We raise a glass to you! :beer: (I couldn't find a wine glass...)


----------



## anneke (Jan 5, 2001)

Congratulations!


----------



## nicko (Oct 5, 2001)

ChefTalk is deeply indebted to CC for his kindness and caring for the community. Thanks and heres to 3000 more....

Wait if you hit 6000 posts maybe you should get a really special prize. 


Congratulations.


----------



## momoreg (Mar 4, 2000)

CC, you must have cramps in your fingers! Keep posting, and we'll keep reading...


----------



## shroomgirl (Aug 11, 2000)

No Way.....so was that a culmination of all your personalities or is the actual number much more?
Your amazing my friend....always a joy to read your work.


----------



## suzanne (May 26, 2001)

CC, you are a prime example of why I love this crazy business. You are caring, and giving, and always excited about what you do, and always learning, and always teaching. All right, so you haven't yet mastered walking on water  But I still want to be you if I ever grow up. Thank you for being my friend.


----------



## kylew (Aug 14, 2000)

Nicko - Are the mugs all gone? How about a ChefTalk mouse pad?


----------



## cape chef (Jul 31, 2000)

Dear Jim, nancya, Pete, Mezzaluna, Anneke, Nicko, Momoreg, Shroomgirl, Suzanne and KyleW.

I can't thank you enough for your kind sentiments, I love Cheftalk, and have learned so much from all of you, not just about cooking, but about kindness and friendship 

I have met a few of you all, and now I consider us friends, who would of thunk it ?

I love you guys very much
Brad aka CC:blush:

PS, Lets all wish for peace on this tiny earth of ours


----------



## athenaeus (Jul 24, 2001)

Thanks for sharing your knowledge Cape Chef!!!

I still remember the night we celebrated the 2000 posts of yours


----------



## marmalady (Apr 19, 2001)

And a special thanks to you, CC, for saving my neck!!


----------



## cape chef (Jul 31, 2000)

Dear Athenaues,

Yes I remember well, thanks  

Dear marmalady,

Please, no problem, my pleasure


----------



## chefteldanielle (Dec 2, 2000)

You are an inspiration cape...

BTW...
Did you get a mysterious amount of posts tacked on to your number???
Those were mine...

Thanks for the great posts
Danielle


----------



## dear abby (Mar 7, 2002)

Dear Abby would like to offer the esteemed Cape Chef her heartfelt congratulations for his remarkable achievements. Let her clarify, however, that she does not number 3000 posts in her list of the Cape Chef's most important achievements.

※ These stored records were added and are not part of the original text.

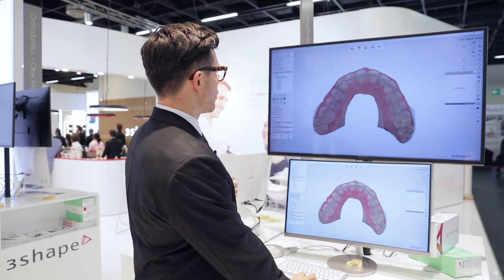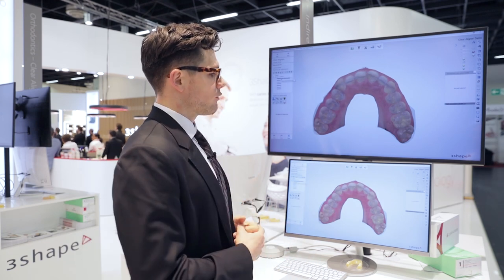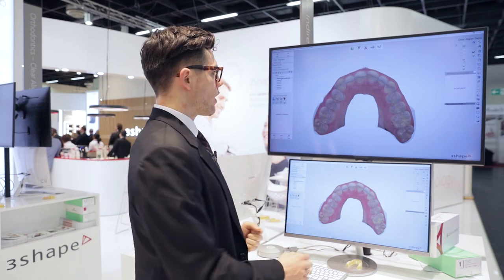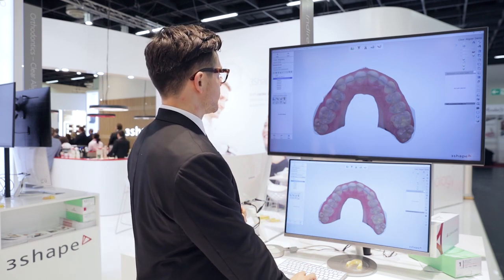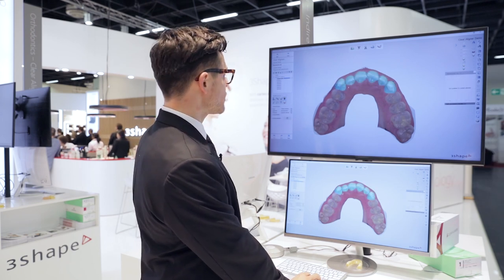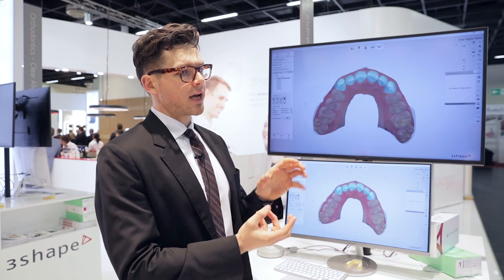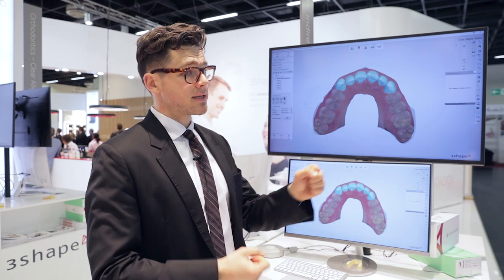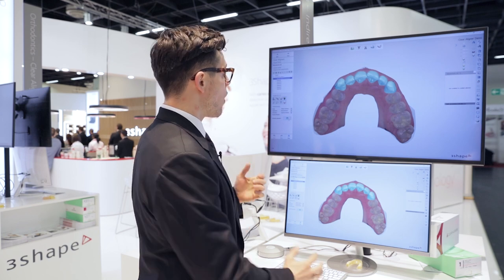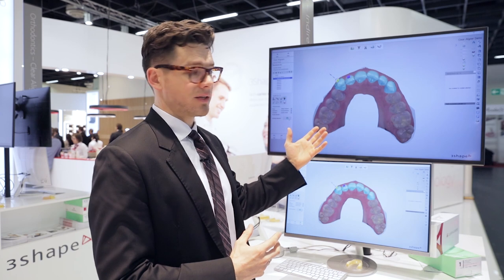The next thing I'd like to show you is putting on attachments. Attachments for certain types of treatments are more or less a requirement, or at least will speed up the treatment a lot. I'm just going to select a few teeth here. It used to be that you had to manually put on the attachments, resize them, and figure out where they went. But now with our new automatic placement feature, it actually goes on automatically — that's how fast it took.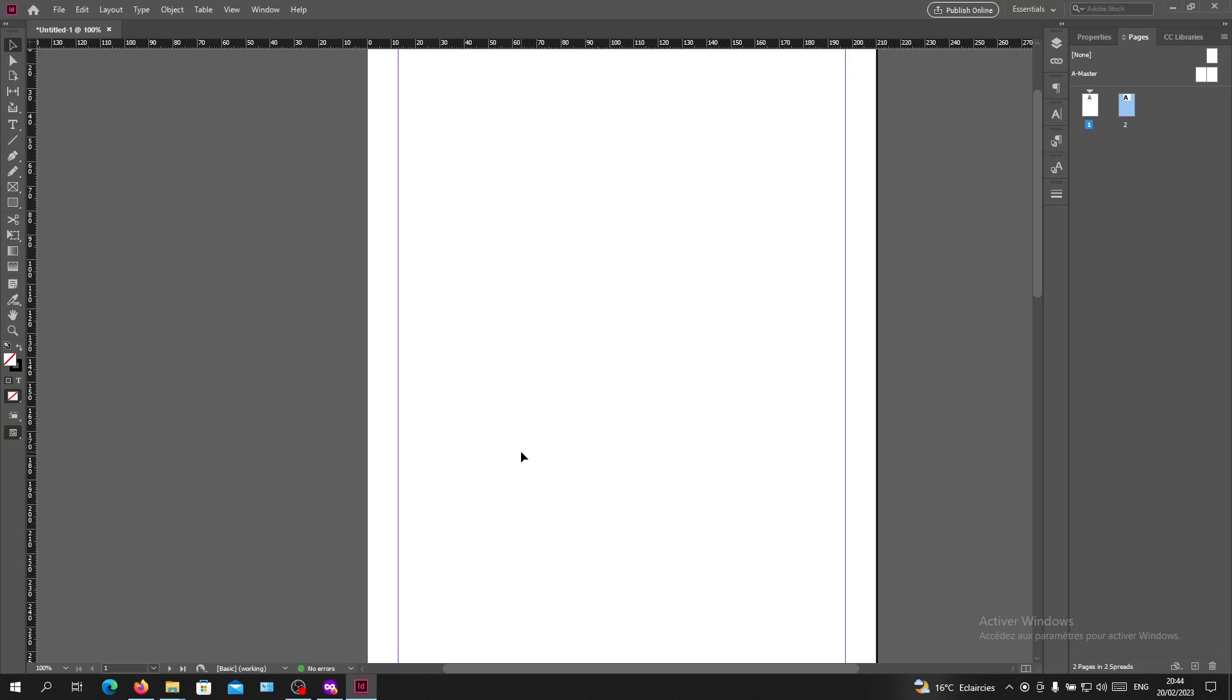Hello guys, and welcome to another tutorial. Today I'm going to show you how to get rid of the blue lines or purple lines from your documents in Adobe InDesign. First, open your Adobe InDesign software and follow these simple steps.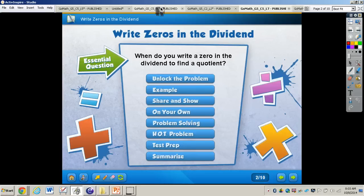In this video, we're going to be taking a look at writing zeros in the dividend. You will need to turn your GoMath book to page 227, get out your pencil, and also your math journal. The essential question we are going to be taking a look at is: when do you write a zero in the dividend to find a quotient?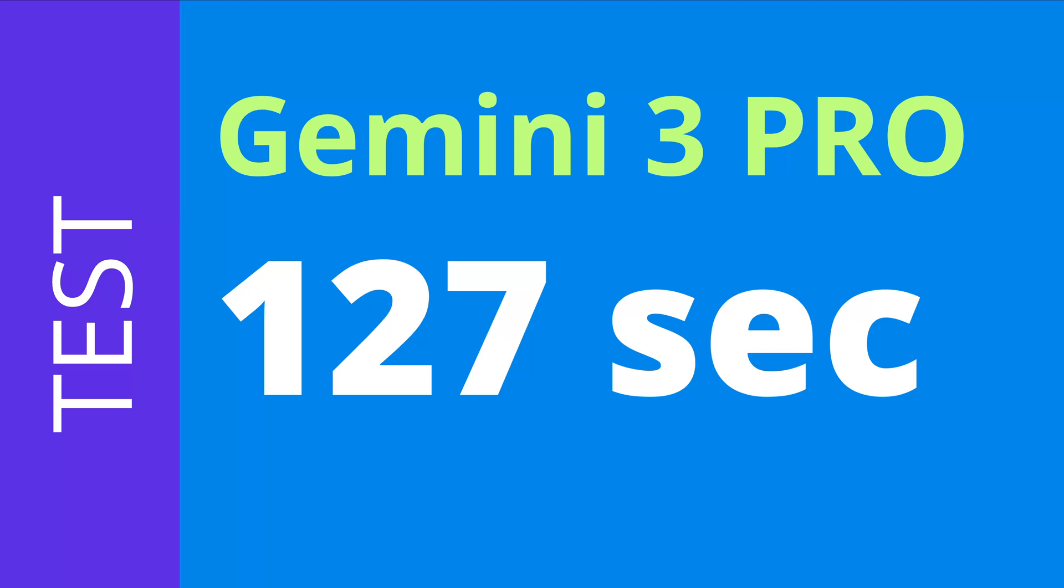Hello community! So great that you are back! We have a new Gemini 3 Pro and you know what? It was thinking for 127 seconds!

First, he is a kind and generous man, who is always willing to lend a hand and help a newcomer. He is a gentleman.

The beloved Cape Chef has a gentle sense of humor. He has a fondness for the ridiculous and does not mind being teased a little. Yet, he has a soft heart and will quickly stand up for those he sees being hurt.

Our Cape Chef has an incredible knowledge of the culinary world. He always offered well thought out, interesting, and informative posts which Dear Abby dearly loves to read, whether or not she responds to them. 

So you see, my dears, the number does not matter. Dear Abby celebrates the Cape Chef simply for being who he is!

Mazel tov!

Abby


----------



## chef david simpson (Sep 25, 2000)

Much respect CC, remember the "green bean incident". 

Congrats, Sir


----------



## chrose (Nov 20, 2000)

*Brad:* _ You know, when I was a boy, I really wanted a catcher's mitt, but my dad wouldn't get it for me. So I held my breath until I passed out and banged my head on the coffee table. [cheerily] The doctor thought I might have brain damage. _
*Cheftalk:* _CC, what's the point of this story?_
*Brad* _I like stories._










Brad, congratulations on 3000. Here's hoping that you don't run out of things to say for another 3000! (Unlikely)
We'll get together one of these days.

Chrose

(Thanks to Homer for his assistance with this post.)


----------